Cumbrian school continues charitable work started by late teaching assistant

The money that is made from the sales of the clothes is reinvested back into the charity. Credit: GNAAS

A Cumbrian primary school has continued the charity work started by a former teaching assistant who died just before Christmas.

Fir Ends Primary School in near Carlisle has been supporting the Great North Air Ambulance Service (GNAAS) since 2006.

The school hosts collections of unwanted clothing which is then collected and recycled by the GNAAS with the money generated from sales reinvested back into the charity.

The clothing collection was run by former teaching assistant Angie Smith.

The collection at the school is organised by the parents, teachers, and friends of the school.

The primary school has been hosting the clothing collection since 2006. Credit: GNAAS

The school aims to have a collection three times a year, which raises around £300.

Angie Smith took on coordination duties and was described as a “passionate cheerleader for various charities”. She died just before Christmas 2023.

Daryl Spencer, headteacher at Fir Ends Primary School said: “Angie had a lot of charities that she would fundraise for, but she particularly enjoyed the air ambulance collections - it was an ideal opportunity to catch up for a chat with everyone in the wider community when they were dropping off.
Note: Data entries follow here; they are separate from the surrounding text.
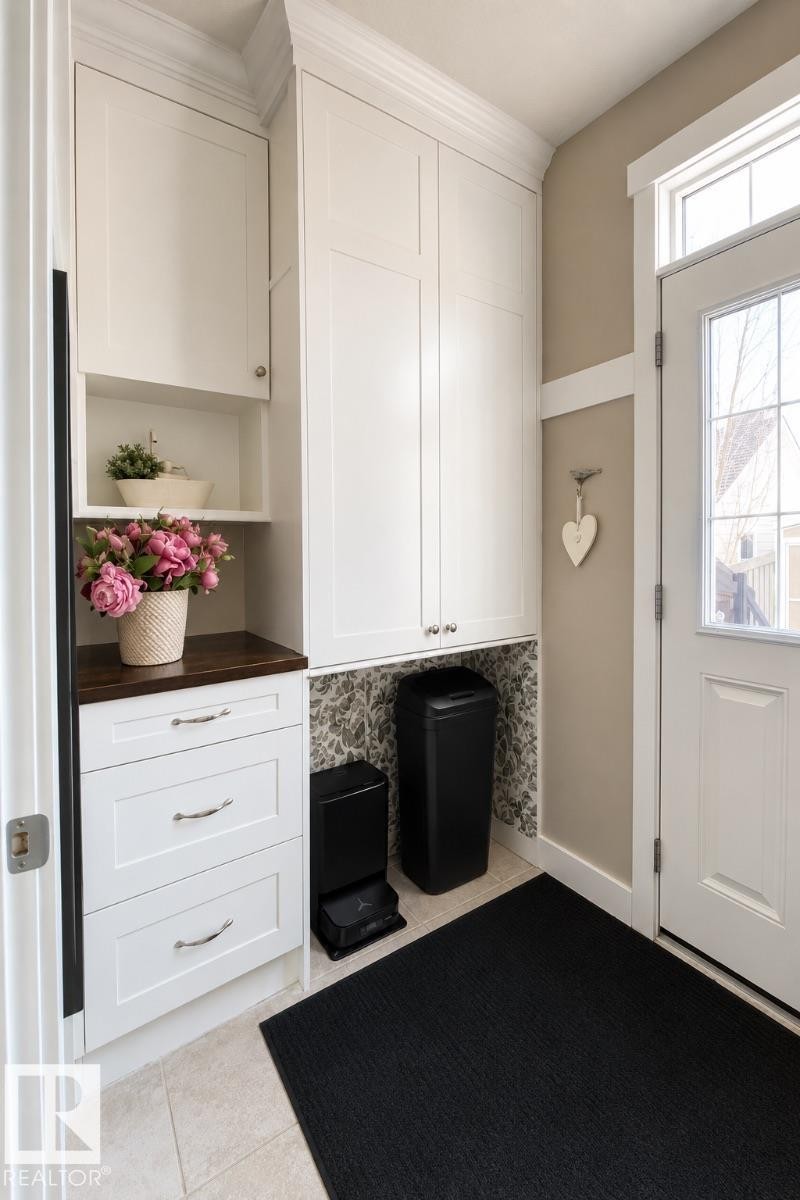Entryway featuring custom white cabinetry with crown molding, a dark wood-finish countertop, and tile flooring - 2337 Frezenberg Avenue Nw, Edmonton, AB - Indoor Photo Showing Other Room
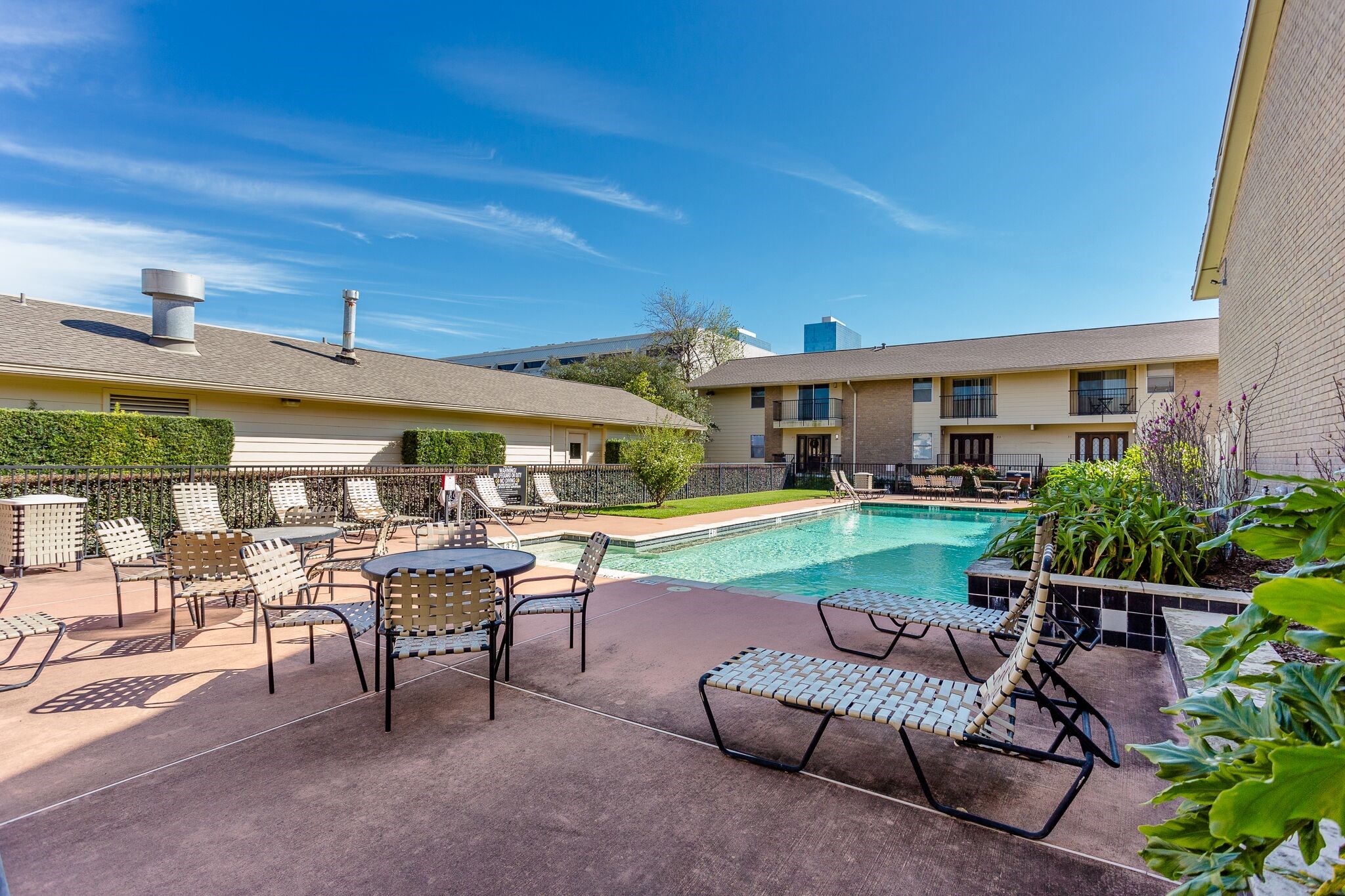 Theres more convenience just steps from the pool! The 1-story building on the opposite side houses the community laundry facility. Toss in a load of laundry, then relax poolside or fire up one of the barbecue grills while you wait. Not a bad way to tackle laundry day!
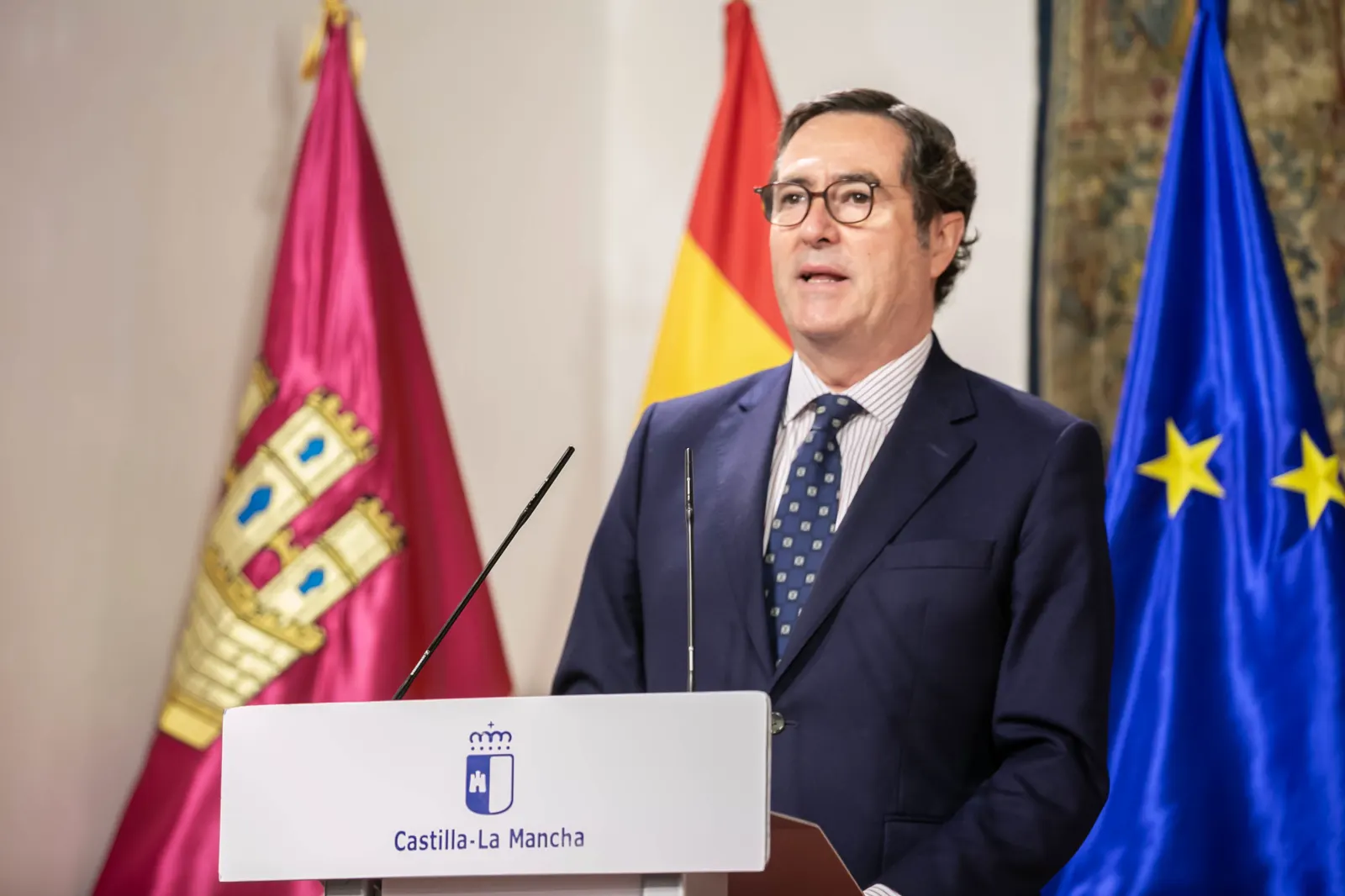 Antonio Garamendi, con traje oscuro, gafas y corbata azul, habla ante un atril con el escudo de Castilla-La Mancha, entre las banderas regional, española y de la Unión Europea.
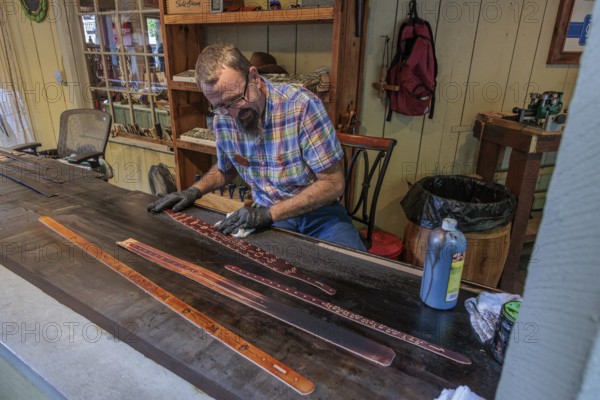 Craftsman demonstrated the art of belt making in Smoky Creek Leather and Hat Company at the Dollywood amusement park in Pigeon Forge, TN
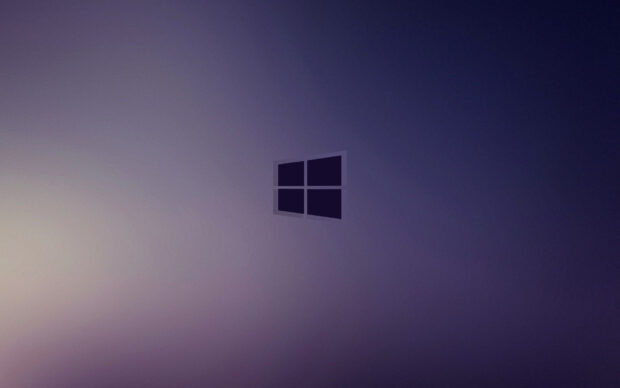 A dark purple abstract background featuring the Microsoft logo in the center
“Apart from bustling about, marshalling cars, helping to empty boots and greeting the van when it arrived, she kept a spreadsheet of collection tallies and an excited email trail usually followed every collection.

"She took great pride in the success of 'her' collections and was the person who decided that we could probably fill three vans a year, and she was right.

“The collections will now act as one of the (many) moments in the year when memories of Angie, and her contributions within the local area, will be close to people's thoughts.”

The school has raised thousands of pounds for the charity over the years with their clothing donations.

The clothing collection raises hundreds of pounds annually for the GNAAS. Credit: GNAAS

Daryl added: "In a rural community like ours, the value of the air ambulance is appreciated, particularly by those whose work involves being in remote areas that a normal ambulance would be unable to reach.

"Many people within our community know or know of someone who has needed it. Because of this, the collections are always well-supported.

“The collections also bring together the whole community at key points in the calendar. The chance meet-ups with old faces from the school community - and beyond it - also mean that there's a sense of community amongst everyone who drops off bags.

"The money raised is useful, but really it's that thread that links and sustains our school community through contribution to a shared goal that keeps our collection going.

“Arranging collections is easy to do - and it's something that's easy for a lot of people to contribute to since most of us have clothes we don't wear or need any more. One bag from everyone soon adds up.”